Larry Kudlow
Larry Kudlow was an assistant to the President for Economic Policy and Director of the National Economic Council (NEC) under President Trump from April 2, 2018 to January 20, 2021. Kudlow’s nearly three year tenure in the White House was marked by trade wars and aggressive tariffs, deregulation, and the mishandling of the COVID-19 pandemic.
Kudlow was appointed and took over as President Trump’s top economic adviser in April 2018, leaving his job as a CNBC host and commentator. As Director of the NEC, Kudlow played a central role in architecting and executing President Trump’s economic agenda. A staunch proponent of supply-side-economics, Kudlow differed with Donald Trump on several areas of economic philosophy before joining. Once in office, however, Kudlow became a loyal enforcer of President Trump’s personal agenda and policy agenda, both for the economy and more broadly.
Kudlow’s tenure was marked by aggressive trade policies, particularly the imposition of tariffs on China. Despite his historical support for free trade, Kudlow defended the administration’s use of tariffs as a negotiating tool. In May 2019, Kudlow broke with President Trump and conceded that U.S. consumers bore the brunt of Trump’s tariffs, a claim he contradicted shortly after. Kudlow was instrumental in the negotiation and signing of the subsequent bilateral trade agreement that committed China to purchase $200 billion of additional U.S. exports before December 21, 2021, a commitment that went wholly unfulfilled. Throughout, Kudlow publicly pressured the Federal Reserve to cut interest rates.
During the 2018–2019 partial federal government shutdown, approximately 420,000 federal workers were deemed essential and compelled to continue working without pay. On the 34th day of the shutdown, Kudlow asserted that such workers were “volunteering” to work for their love of the country and “presumably their allegiance to President Trump.”

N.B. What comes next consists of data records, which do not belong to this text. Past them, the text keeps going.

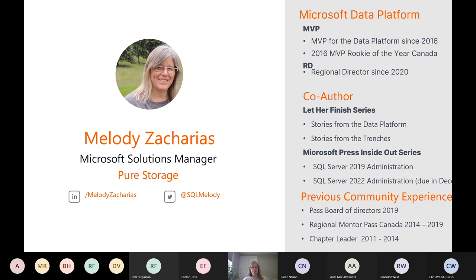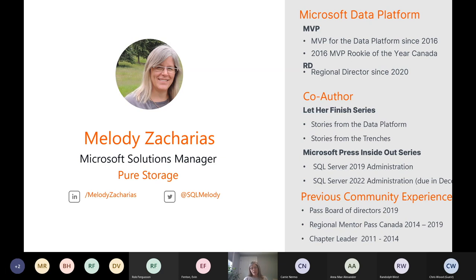I won't go through too much of my bio because Randolph already made me blush. I'll just mention that I'm a Microsoft MVP and I work for Pure Storage. They did not sponsor this session, but I'm very proud to bleed orange for Pure and really love doing things for the Microsoft community. Feel free to jump in throughout the session — it's an open, interactive session, which makes it more fun for everyone.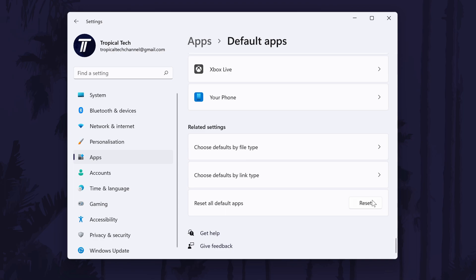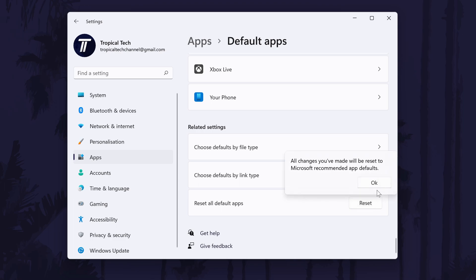On this page, scroll down to the bottom and find the reset button for resetting all default apps. Remember that this will reset all default app settings — this won't affect anything in an app or file, just the type of apps that open each file type. Click on Reset and then OK if you are happy with that.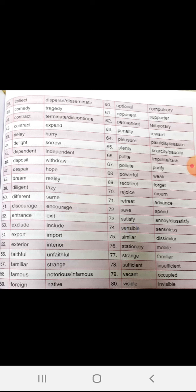Pleasure, displeasure. Plenty, scarcity. Polite, impolite. Pollute, purify. Powerful, weak. Recollect, forget. Rejoice, mourn. Retreat, advance.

From early 2020 through January 20, 2021, Kudlow played a central and prominent role in the White House’s handling of the COVID-19 pandemic. In February 2020, Kudlow publicly contradicted the CDC’s public health warnings and falsely asserted the U.S. had contained coronavirus. A few days later, Kudlow told reporters he expected the administration’s handling of the pandemic to be helpful for Donald Trump’s campaign. He further noted that stock market drops were an overreaction, saying, “Given what we know factually, it looks to me like the market had gone too far.” By May 2020, Kudlow doubled down on his February claim that the virus was contained and the exponential spread was virtually unpredictable - a claim refuted by WHO, CDC, HHS, and parts of the NSC. In April of that same year, Kudlow revealed that his wife applied for a small business loan program.
Kudlow is steadfastly against diversity, equity, and inclusion (DEI). Amid the Black Lives Matter protests following the murder of George Floyd in the summer of 2020, Kudlow said that the U.S. does not have systemic racism, nor does he believe in systemic racism. In May 2024, Kudlow said that DEI is “socialist class warfare”, and that, “DEI is also the progenitor of the antisemitism virus that is spreading throughout American culture, including universities.”
Before joining the Trump administration, Kudlow spent nearly two decades as a commentator and TV and radio host. During this time, Kudlow notably missed signs of the global financial crisis, saying in December 2007, “There’s no recession coming. The pessimists were wrong…The Bush boom is alive and well.” By July 2008, two months before the collapse of Lehman Brothers, Kudlow said, “We are in a mental recession, not an actual recession.”
Prior to his time in the media, Kudlow flipped between government roles and Wall Street firms several times. He started his career as a staff economist at the Federal Reserve of New York. He then left government and worked at PainWebber, followed by Bear Stearns, both times as the chief economist. From 1981-1985, Kudlow was in the Reagan administration in the Office of Management and Budget (OMB). Kudlow then left government again to return to Bear Stearns as the chief Economist, a role he held from 1987-1994. After a sudden departure from Bear Stearns, Kudlow had a publicized battle with alcohol and cocaine addiction and was in and out of rehab throughout the mid to late nineties.
Today, Kudlow is the host of Kudlow on Fox Business Network and a regular Fox contributor. In 2021, he and several former Trump administration officials created the America First Policy Institute (AFPI), a far right think tank focused on promoting Trump administration policies and preparing for a second Trump administration.